Web Executor Sandbox

The Playwright-backed executor runs inside the tyrum-executor-web container. It installs the browser runtime during the build stage and launches actions through the gateway web-executor adapter. The container is based on mcr.microsoft.com/playwright, which ships hardened Chromium, Firefox, and WebKit builds.

Key guardrails:

  • The service binds to 0.0.0.0:8091 (configurable via WEB_EXECUTOR_BIND_ADDR) and exposes GET /healthz plus GET /sandbox for quick telemetry.
  • Browser processes execute in headless mode and inherit the Playwright namespace sandbox. The runtime drops privileges to the pwuser account before spawning Playwright, mirroring the upstream security posture.
  • Cached browser assets live under /home/pwuser/.cache; the directory is owned by the non-root user to prevent privilege escalation.
  • The executor module mirrors the planner contract (Web action primitive) and currently supports URL navigation plus DOM snapshots. Chromium is preferred, with an automatic WebKit fallback for platforms where Chromium binaries are unavailable (Playwright does not yet ship macOS 15 builds). Postcondition checks and mutating actions will land in follow-up issues (#72+).

The executor accepts the planner payload described below and currently supports:

  • url – absolute navigation target validated by the executor.
  • fields – array of { selector, value, redact? } entries that are filled via Playwright’s locator.fill equivalent.
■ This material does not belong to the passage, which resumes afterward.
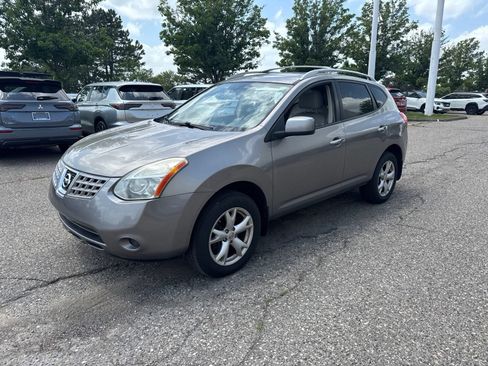 Used 2010 Nissan Rogue SL w/ Premium Pkg AWD/4WD image 6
When redact is set, the summary and DOM excerpt replace the value with REDACTED. Selectors that get promoted into capability_memories.selectors must strip or hash literal PII (emails, account numbers) before persistence.
  • submit{ selector, kind?, wait_after_ms? }. The default kind is click; submit triggers requestSubmit on the referenced form element.
  • snapshot_selector (optional) – CSS selector used to capture a sanitised DOM excerpt (falls back to body when missing).

Returned outcomes include the final URL, document title, sanitised DOM excerpt and a field summary so postconditions can assert behaviour without leaking form data.

Drift Handling & Retries

  • The executor resolves selectors semantically before each attempt. When a referenced element is missing, it derives alternative selectors by normalising CSS attributes (e.g. data-testid, name, aria-label) and comparing them with the planner payload. Suggestions are tried sequentially with exponential backoff (200 ms → 400 ms → 800 ms, capped at three attempts).
  • Each retry emits executor_web.retry telemetry with the attempt number and remaining selector candidates. Structured log events (executor_web.retry) capture the same context for audit dashboards.
  • If all candidates are exhausted the executor surfaces a SelectorsExhausted error containing the retry count and the selectors that were attempted, allowing the planner to persist the drift in capability memory.

See infra/docker-compose.yml to boot the container as part of the local stack.